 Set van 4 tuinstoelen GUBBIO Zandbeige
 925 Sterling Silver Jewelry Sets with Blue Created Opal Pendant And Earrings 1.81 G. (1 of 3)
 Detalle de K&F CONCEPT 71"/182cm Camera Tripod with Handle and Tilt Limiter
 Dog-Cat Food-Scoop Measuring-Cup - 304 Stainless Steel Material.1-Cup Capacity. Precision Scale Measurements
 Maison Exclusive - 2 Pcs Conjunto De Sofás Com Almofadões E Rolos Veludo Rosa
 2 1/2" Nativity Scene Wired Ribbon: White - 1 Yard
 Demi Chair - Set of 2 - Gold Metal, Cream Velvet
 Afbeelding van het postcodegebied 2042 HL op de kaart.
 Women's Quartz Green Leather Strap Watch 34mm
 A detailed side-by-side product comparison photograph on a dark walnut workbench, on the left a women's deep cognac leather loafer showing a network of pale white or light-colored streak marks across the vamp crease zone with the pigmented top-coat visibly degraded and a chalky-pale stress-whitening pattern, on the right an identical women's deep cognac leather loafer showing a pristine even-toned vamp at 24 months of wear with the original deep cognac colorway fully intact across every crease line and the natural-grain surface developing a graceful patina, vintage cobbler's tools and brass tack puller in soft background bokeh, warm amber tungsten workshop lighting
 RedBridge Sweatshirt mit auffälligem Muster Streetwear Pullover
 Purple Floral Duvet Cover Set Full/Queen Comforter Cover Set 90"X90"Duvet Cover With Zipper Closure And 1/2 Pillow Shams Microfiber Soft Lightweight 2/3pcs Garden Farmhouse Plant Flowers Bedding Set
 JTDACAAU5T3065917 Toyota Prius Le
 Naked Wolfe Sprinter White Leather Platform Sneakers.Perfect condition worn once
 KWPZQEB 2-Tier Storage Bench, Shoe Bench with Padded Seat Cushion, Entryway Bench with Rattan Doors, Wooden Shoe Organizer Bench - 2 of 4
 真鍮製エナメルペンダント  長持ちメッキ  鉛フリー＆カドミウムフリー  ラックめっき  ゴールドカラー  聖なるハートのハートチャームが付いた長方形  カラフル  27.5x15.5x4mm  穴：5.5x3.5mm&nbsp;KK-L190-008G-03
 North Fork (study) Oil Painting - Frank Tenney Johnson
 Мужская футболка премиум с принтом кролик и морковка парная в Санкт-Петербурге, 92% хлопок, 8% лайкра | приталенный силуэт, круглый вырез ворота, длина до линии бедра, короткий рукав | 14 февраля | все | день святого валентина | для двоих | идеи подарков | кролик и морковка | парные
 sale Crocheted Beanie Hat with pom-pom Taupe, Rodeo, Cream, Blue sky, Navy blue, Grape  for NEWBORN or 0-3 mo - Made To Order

#### WHAT YOU SHOULD DO:
Retype the lines beginning at the one containing "RedBridge Sweatshirt mit" and ending at the final line of the material, both included.

#### SOLUTION:
 RedBridge Sweatshirt mit auffälligem Muster Streetwear Pullover
 Purple Floral Duvet Cover Set Full/Queen Comforter Cover Set 90"X90"Duvet Cover With Zipper Closure And 1/2 Pillow Shams Microfiber Soft Lightweight 2/3pcs Garden Farmhouse Plant Flowers Bedding Set
 JTDACAAU5T3065917 Toyota Prius Le
 Naked Wolfe Sprinter White Leather Platform Sneakers.Perfect condition worn once
 KWPZQEB 2-Tier Storage Bench, Shoe Bench with Padded Seat Cushion, Entryway Bench with Rattan Doors, Wooden Shoe Organizer Bench - 2 of 4
 真鍮製エナメルペンダント  長持ちメッキ  鉛フリー＆カドミウムフリー  ラックめっき  ゴールドカラー  聖なるハートのハートチャームが付いた長方形  カラフル  27.5x15.5x4mm  穴：5.5x3.5mm&nbsp;KK-L190-008G-03
 North Fork (study) Oil Painting - Frank Tenney Johnson
 Мужская футболка премиум с принтом кролик и морковка парная в Санкт-Петербурге, 92% хлопок, 8% лайкра | приталенный силуэт, круглый вырез ворота, длина до линии бедра, короткий рукав | 14 февраля | все | день святого валентина | для двоих | идеи подарков | кролик и морковка | парные
 sale Crocheted Beanie Hat with pom-pom Taupe, Rodeo, Cream, Blue sky, Navy blue, Grape  for NEWBORN or 0-3 mo - Made To Order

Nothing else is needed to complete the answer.